- Available records:
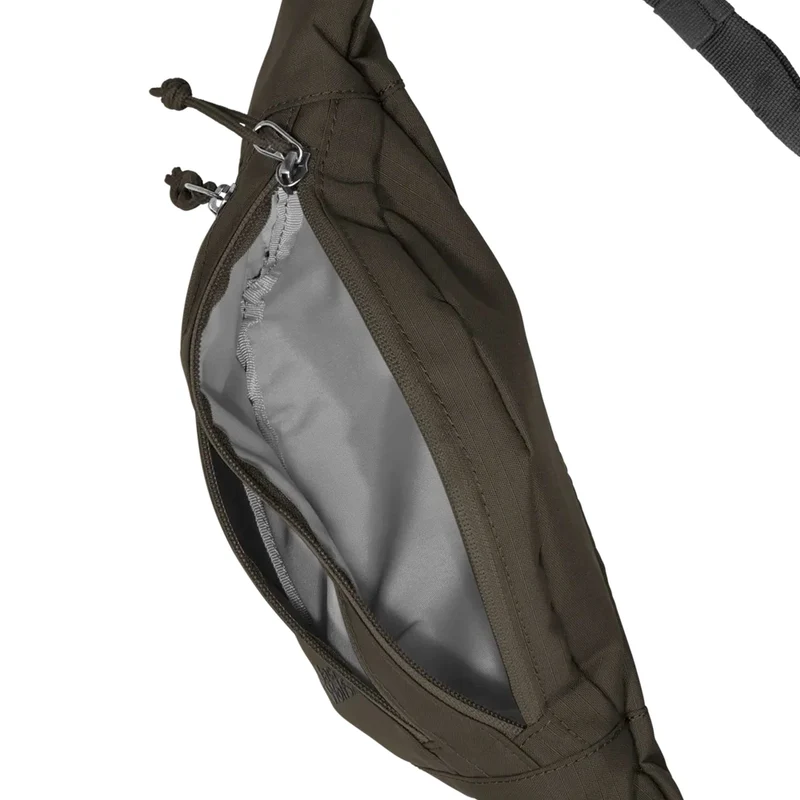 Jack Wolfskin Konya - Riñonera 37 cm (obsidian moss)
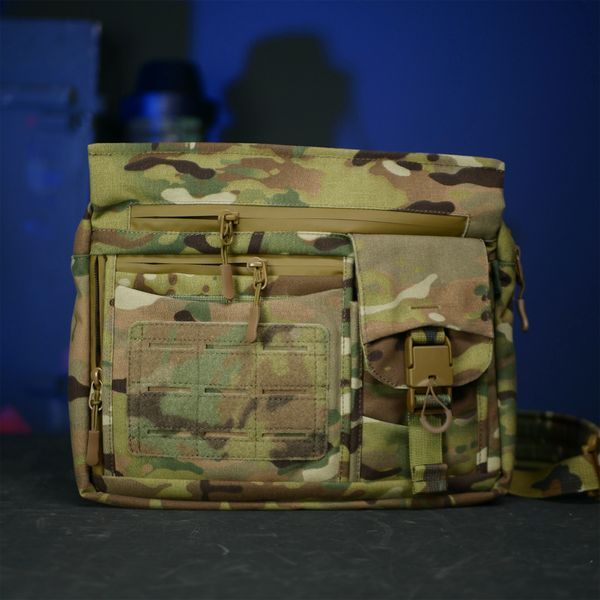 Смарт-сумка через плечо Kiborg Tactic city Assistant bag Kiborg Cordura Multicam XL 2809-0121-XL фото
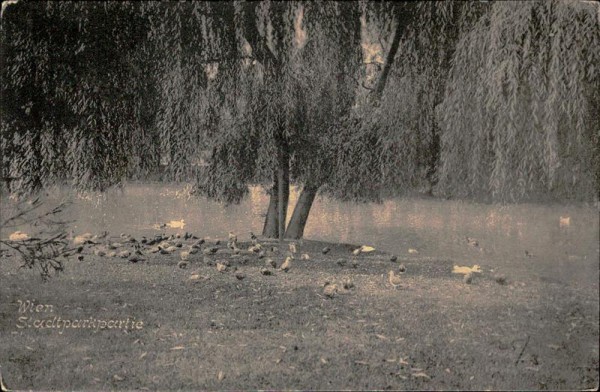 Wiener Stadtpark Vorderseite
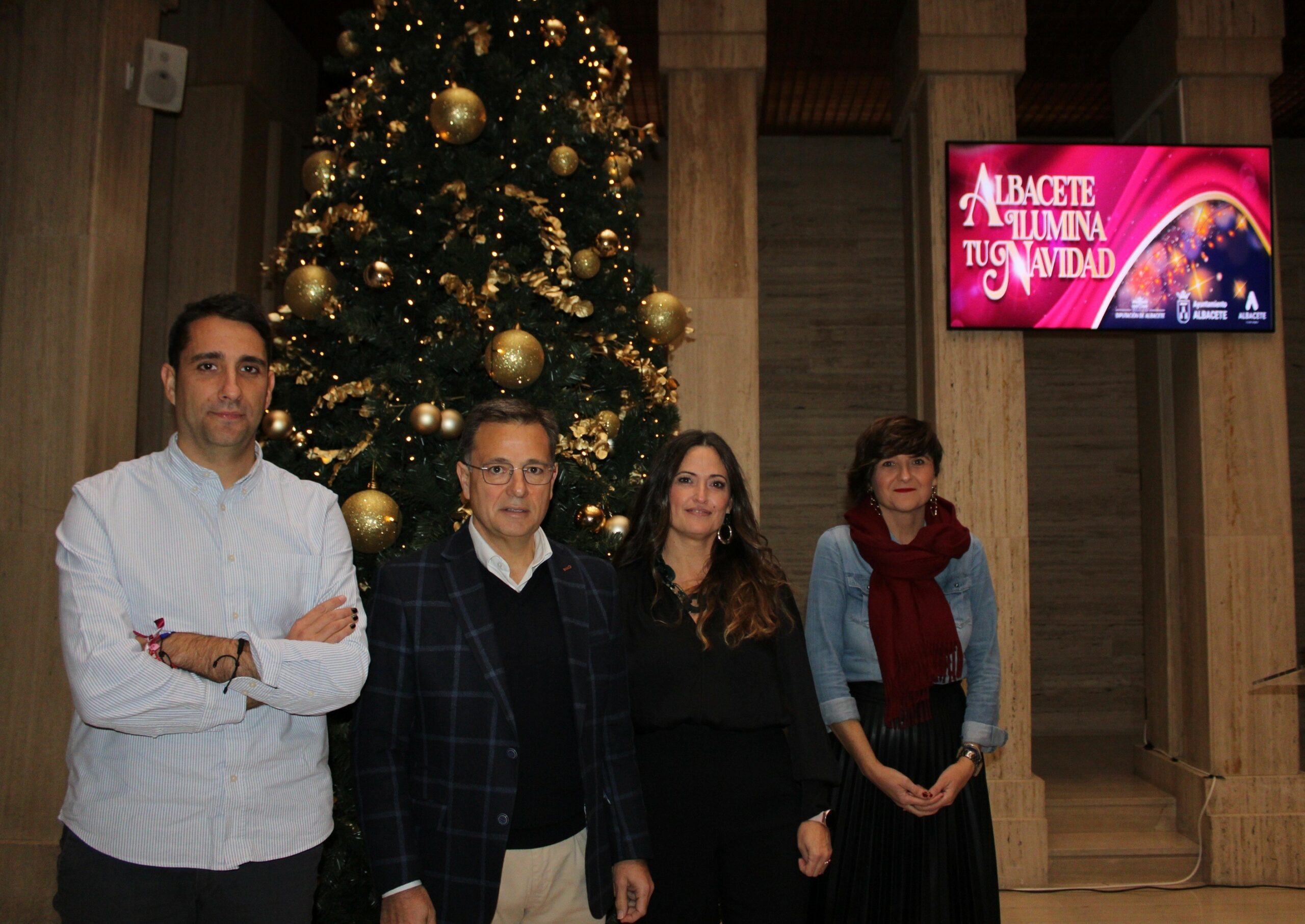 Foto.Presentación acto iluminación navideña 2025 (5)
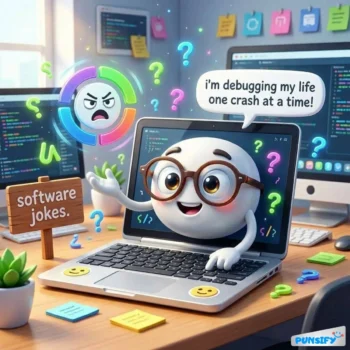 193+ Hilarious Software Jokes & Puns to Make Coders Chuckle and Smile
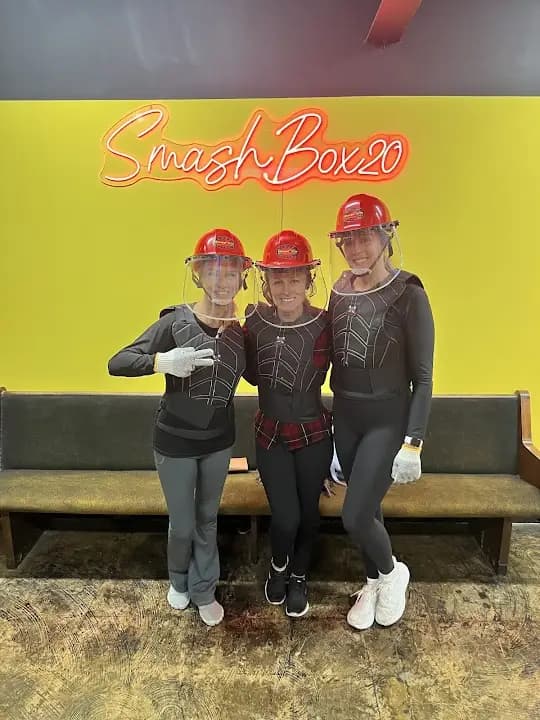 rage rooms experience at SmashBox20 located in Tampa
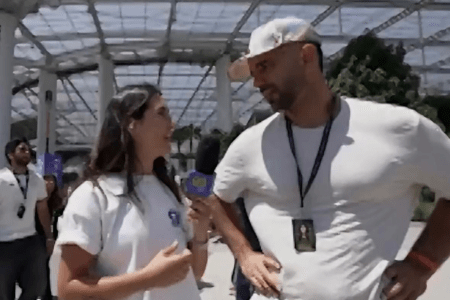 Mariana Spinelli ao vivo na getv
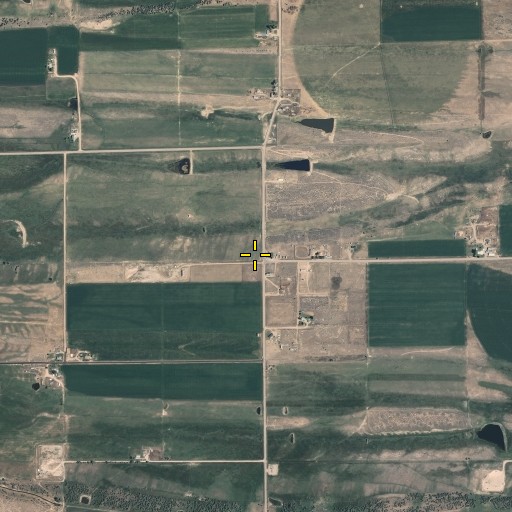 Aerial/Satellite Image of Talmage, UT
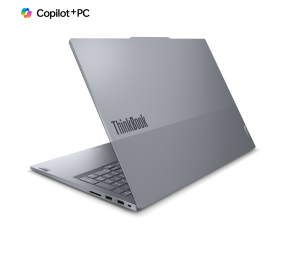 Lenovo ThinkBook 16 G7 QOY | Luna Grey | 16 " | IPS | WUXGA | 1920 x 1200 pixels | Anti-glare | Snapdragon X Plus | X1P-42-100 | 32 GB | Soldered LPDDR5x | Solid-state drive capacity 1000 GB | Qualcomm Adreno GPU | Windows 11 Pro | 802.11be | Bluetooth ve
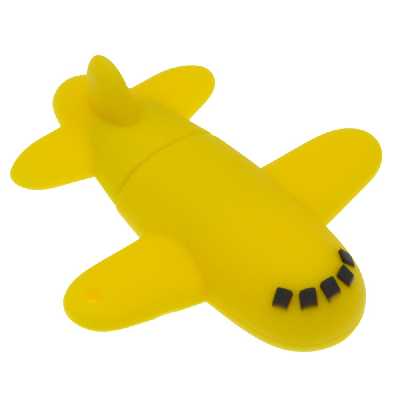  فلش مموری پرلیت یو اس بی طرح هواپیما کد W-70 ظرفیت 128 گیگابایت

---

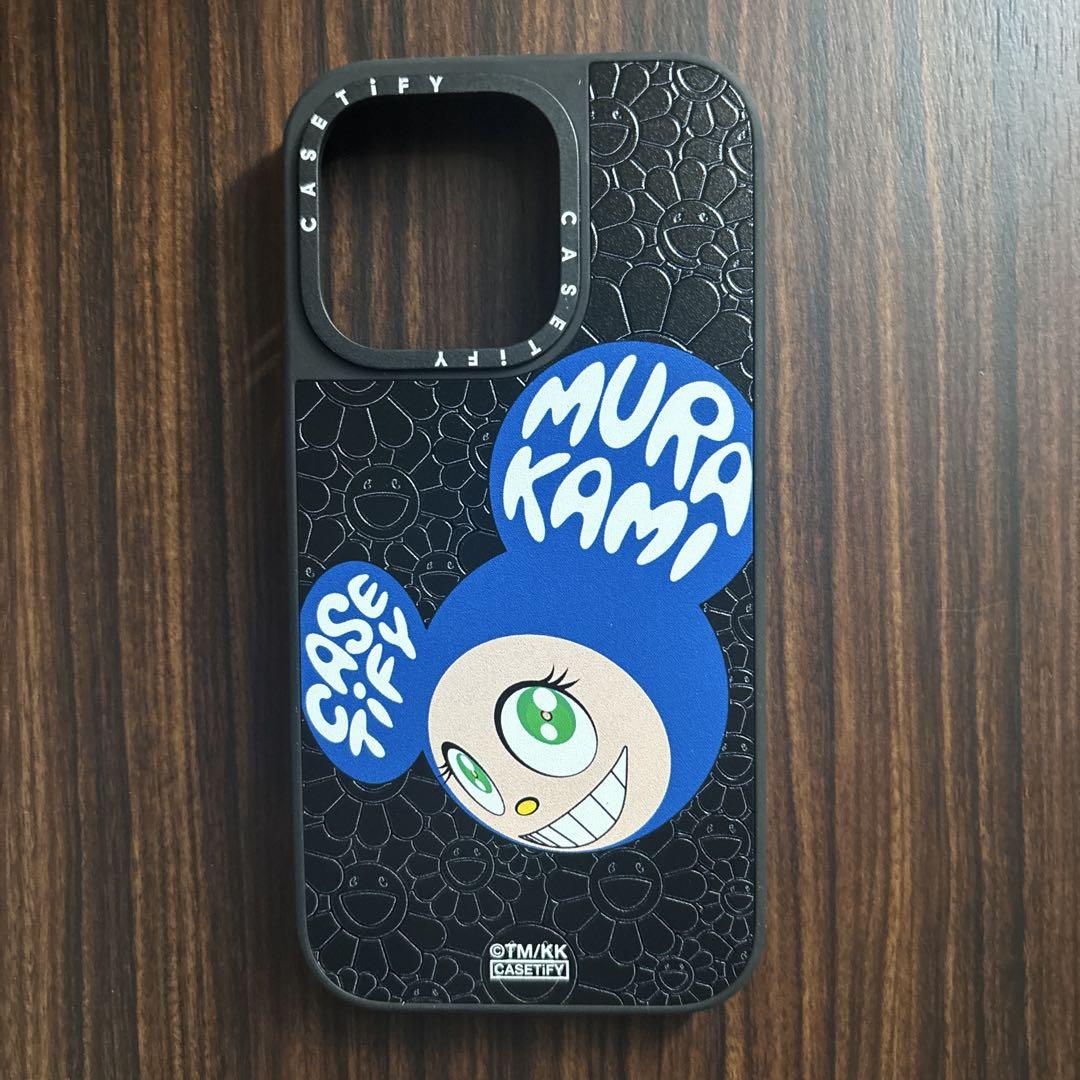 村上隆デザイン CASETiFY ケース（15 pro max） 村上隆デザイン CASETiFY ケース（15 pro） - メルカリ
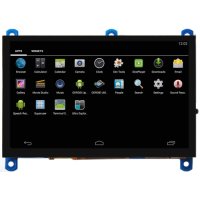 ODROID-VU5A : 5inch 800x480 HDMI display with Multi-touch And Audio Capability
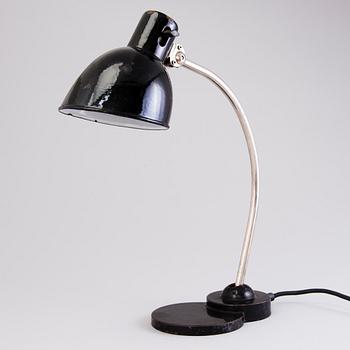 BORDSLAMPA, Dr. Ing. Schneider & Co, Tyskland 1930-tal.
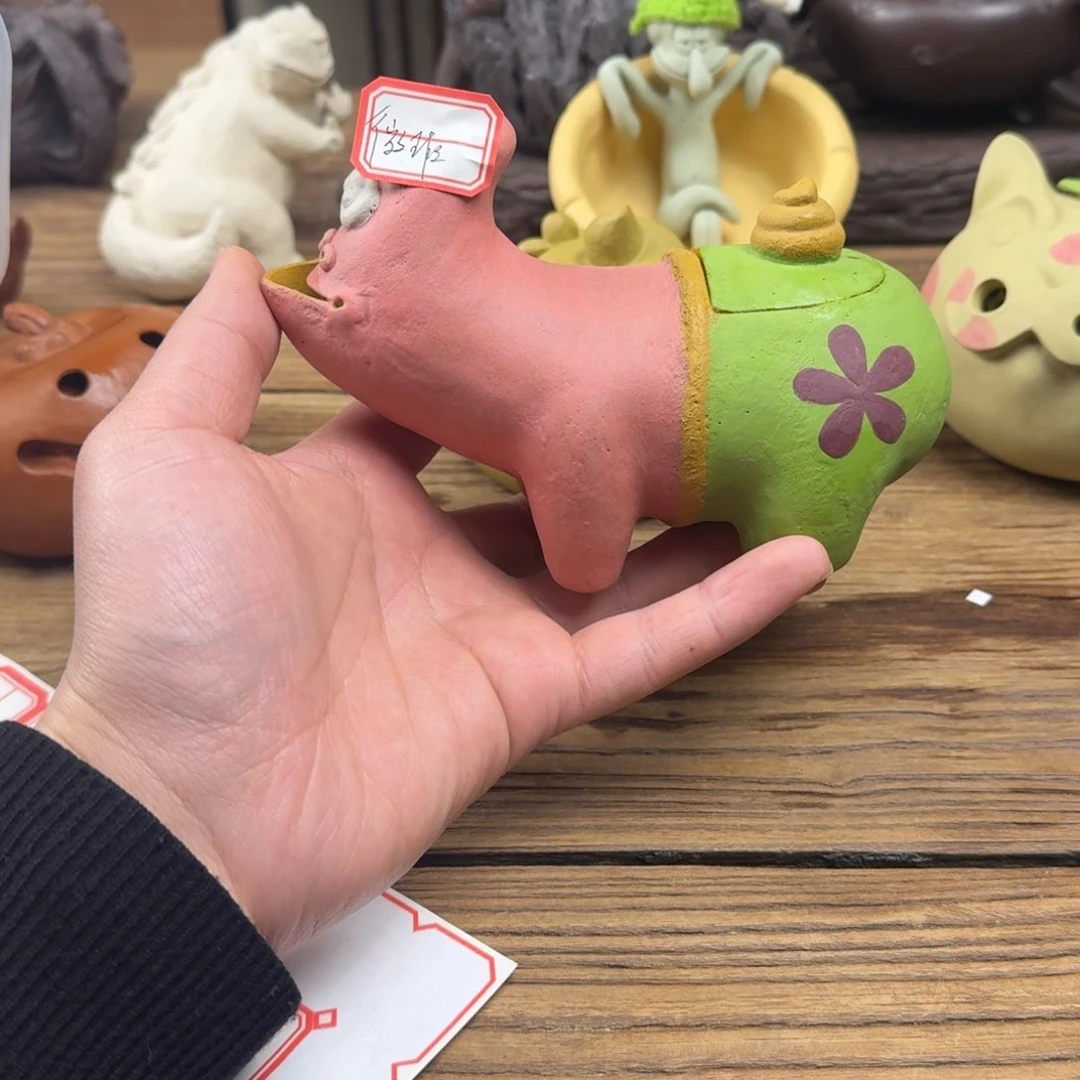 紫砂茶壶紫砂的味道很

- About this exercise:
Above are some records; extract exactly the lines from the one containing "Mariana Spinelli ao vivo na getv" through the one containing "فلش مموری پرلیت" and drop the pictures.

- Reply to the task:
 Mariana Spinelli ao vivo na getv
 Aerial/Satellite Image of Talmage, UT
 Lenovo ThinkBook 16 G7 QOY | Luna Grey | 16 " | IPS | WUXGA | 1920 x 1200 pixels | Anti-glare | Snapdragon X Plus | X1P-42-100 | 32 GB | Soldered LPDDR5x | Solid-state drive capacity 1000 GB | Qualcomm Adreno GPU | Windows 11 Pro | 802.11be | Bluetooth ve
  فلش مموری پرلیت یو اس بی طرح هواپیما کد W-70 ظرفیت 128 گیگابایت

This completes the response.